The set of sanctions will include a total suspension of a member state from the AU assembly and other gatherings. And astoundingly this was approved by the assembly which comprised of heads of states representing countries that were not making payments on time.
The “bite” will be the implementation of these sanctions. I totally concur with Moussa Faki Mahamat that “the first responsibility of a member state is to pay its contribution”. Member state contributions guarantee that the organisation can carry out its mammoth operations.
Ambitious declarations are less likely to create that “bite” if they are not backed up by action. Many scholars argue that much of what emerges out of Addis Ababa after every AU Extraordinary Summit is usually exaggeratedly ambitious, vague, and unattainable outcomes creating the impression of “all bark and no bite”.

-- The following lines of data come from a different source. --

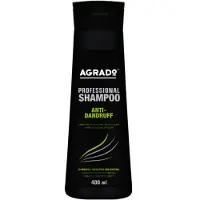 Agrado Champu Prof Anti Dandruff 400 0,4 l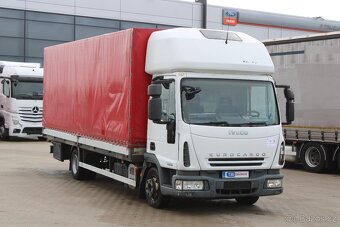 Iveco EUROCARGO ML 75E18, EURO 4, BOČNICE, SPACÍ NÁSTAVBA - 2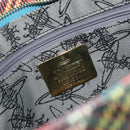 Vivienne Westwood Shoulder Bag PVC Leather Multicolor Gold Auth 188620A-12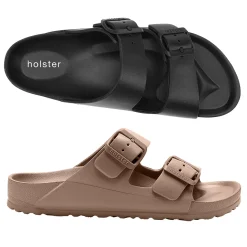 Adults | Slides^holster SundreamerBundle- Black/Natural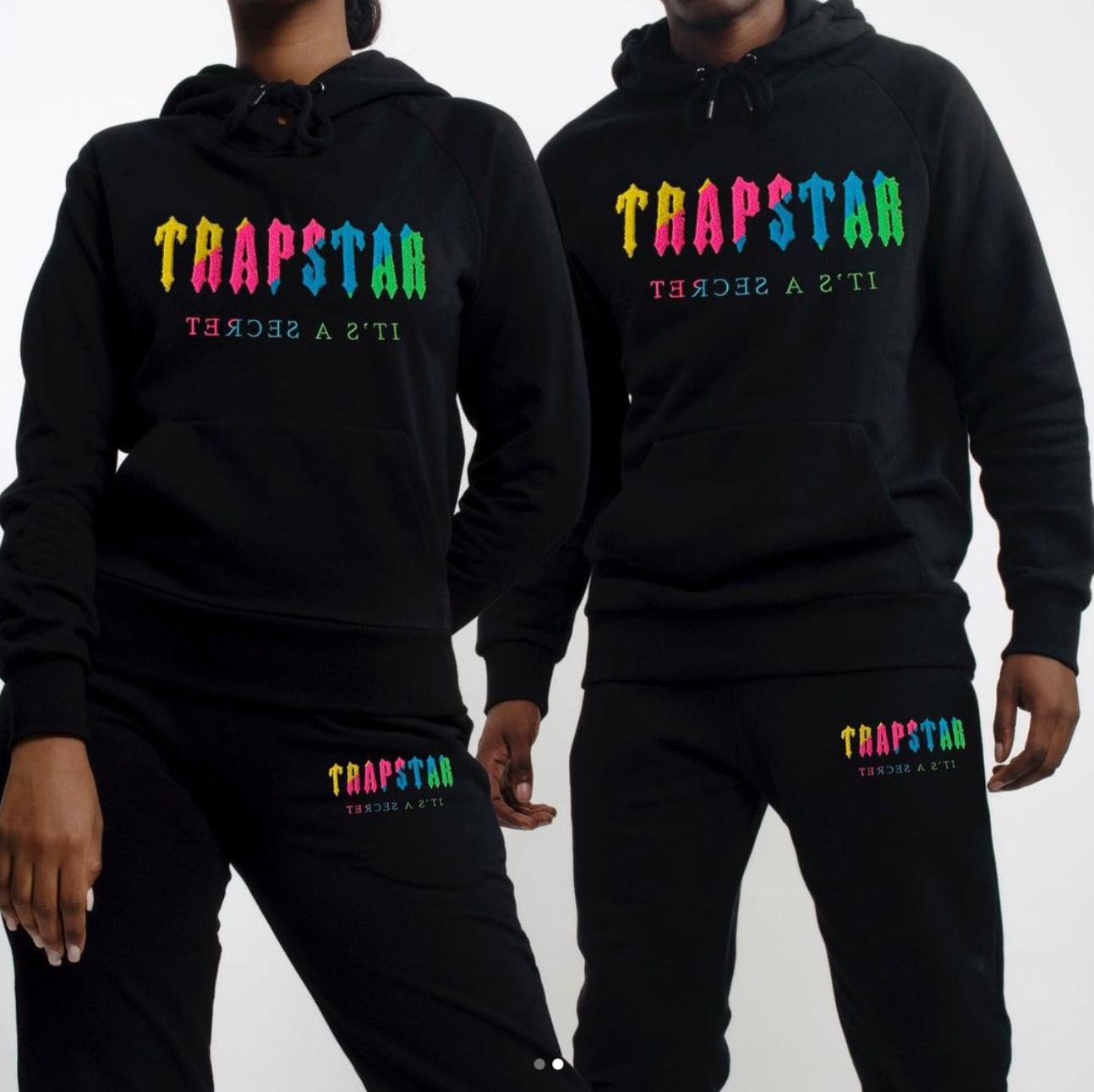 Fleece Pants Women Designers Tracksuits S-XL Mens Trapstar Hoodie or Man Size Clothing Tech Sport Sweater Hoodies Tracksui-image-805964256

Let’s be careful that Paul Kagame and Moussa Faki’s opportunism during their tenure does not cause us to lose sight of some of the fundamental institutional challenges that the continental organisation continues to face. However, 55 years on, since the formation of the OAU, we have a new breed of leaders emerging, confronting the continuing challenges of forging unity within their multi-ethnic countries, building sustainable democratic institutions, and building an enabling environment for socio-economic development. It is disingenuous to say that we are not witnessing at least some changes in areas such as to ensure that member states contribute more than the organisation’s development partners.
Some of leaders l mentioned above may seem to be having challenges in cultivating a culture of integrity and ethics as they are implicated in issues of corruption, and authoritarian tendencies, such as being unwilling to face criticism or open political debate.
Nonetheless the third wave “wind of change” is blowing across Addis Ababa and the “wind” has been overdue. The struggle continues. I have faith that the current leadership will either at least chart a new course or lay the foundation for a new course away from some of the African ways of doing things they inherited from the OAU.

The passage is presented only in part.